Trim modes & literals¶
ERB's whitespace handling and its literal escapes are where most of the
byte-for-byte subtlety lives. go-ruby-erb/erb follows MRI's ERB::Compiler
scanner exactly, so the emitted source — and therefore the rendered output —
matches the reference.
Tag kinds¶
| Tag | Meaning | Emitted as |
|---|---|---|
<% code %> |
run Ruby, emit nothing | the bare statement |
<%= expr %> |
evaluate and insert | _erbout.<<(( expr ).to_s) |
<%# comment %> |
comment, discarded | nothing |
Literals: <%% and %%>¶
A doubled opening tag is a literal <%, and inside a tag a doubled %> is a
literal %>. The scanner unescapes them the way MRI does:
| In the template | Renders as |
|---|---|
<%% |
<% |
%%> |
%> |
So Rate: <%%= n %> renders the literal text Rate: <%= n %> rather than
treating it as a tag.
Trim modes¶
The TrimMode option is MRI's trim_mode string. Each character turns on one
rule; they combine (e.g. "<>-").
| Mode | Rule |
|---|---|
- |
Explicit trim. -%> strips the immediately-following newline; <%- strips leading whitespace before the tag. The trim is opt-in per tag. |
> |
Strips the newline after a tag that ends its line. |
<> |
Strips the newline only when the tag both starts and ends the line. |
% |
A line whose first non-blank char is % is a code line (% code ≡ <% code %>); %% at line start is an escaped literal %. |
Combinations
Modes compose. "-" is the most common: it leaves normal newlines alone and
only trims where you write -%>, which is what most templates want. "%>"

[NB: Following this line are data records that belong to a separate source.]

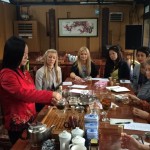 UW dancers sample different kinds of tea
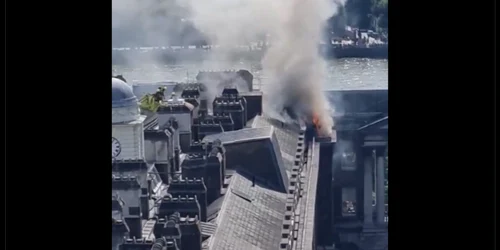 Incendiu devastator în Londra png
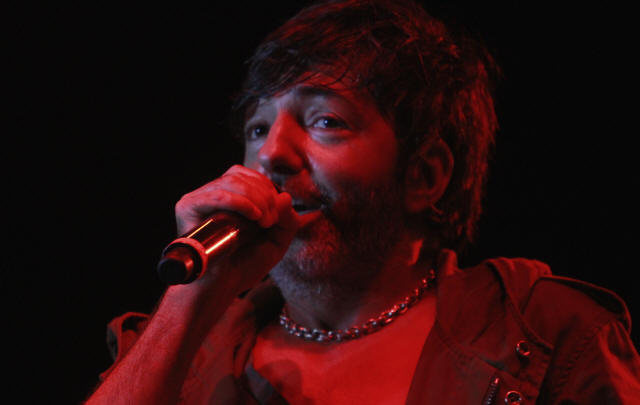 Babasónicos tocó uno de sus hits ,''Me gustas tanto'', del disco Infame.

or "%<>" combine the percent-line syntax with an automatic end-of-line
trim.
Example¶
src, _, _ := erb.Compile(
"<ul>\n<% items.each do |i| -%>\n <li><%= i %></li>\n<% end -%>\n</ul>\n",
erb.Options{TrimMode: "-"})
The -%> on the each and end lines strips the newline that would otherwise
follow each control tag, so the rendered list has no blank lines between items —
byte-for-byte what MRI produces for the same template and trim mode.
Binary-exact text encoding¶
Each literal run between tags is emitted via Ruby's String#dump on the
binary string, not via naive quoting. That is what makes embedded quotes,
newlines, control bytes, and multi-byte UTF-8 round-trip exactly:
| Literal run | Emitted |
|---|---|
héllo |
"h\xC3\xA9llo" |
a line with " and a tab |
the String#dump escaping MRI uses |
Because the encoding is byte-level and matches String#dump, the compiled source
is identical to MRI's down to the escape sequences — which is exactly what the
differential oracle checks.
Magic comments¶
A leading <%# coding: … %> or <%# frozen_string_literal: … %> — including the
emacs -*- coding: … -*- form — is detected and reflected in the emitted
prefix:
| In the template | Emitted prefix |
|---|---|
| (none) | #coding:UTF-8 |
<%# coding: us-ascii %> |
#coding:us-ascii |
<%# frozen_string_literal: true %> |
#frozen-string-literal:true |
The magicComment return value of Compile reports this line
on its own, and src already carries it as its first line.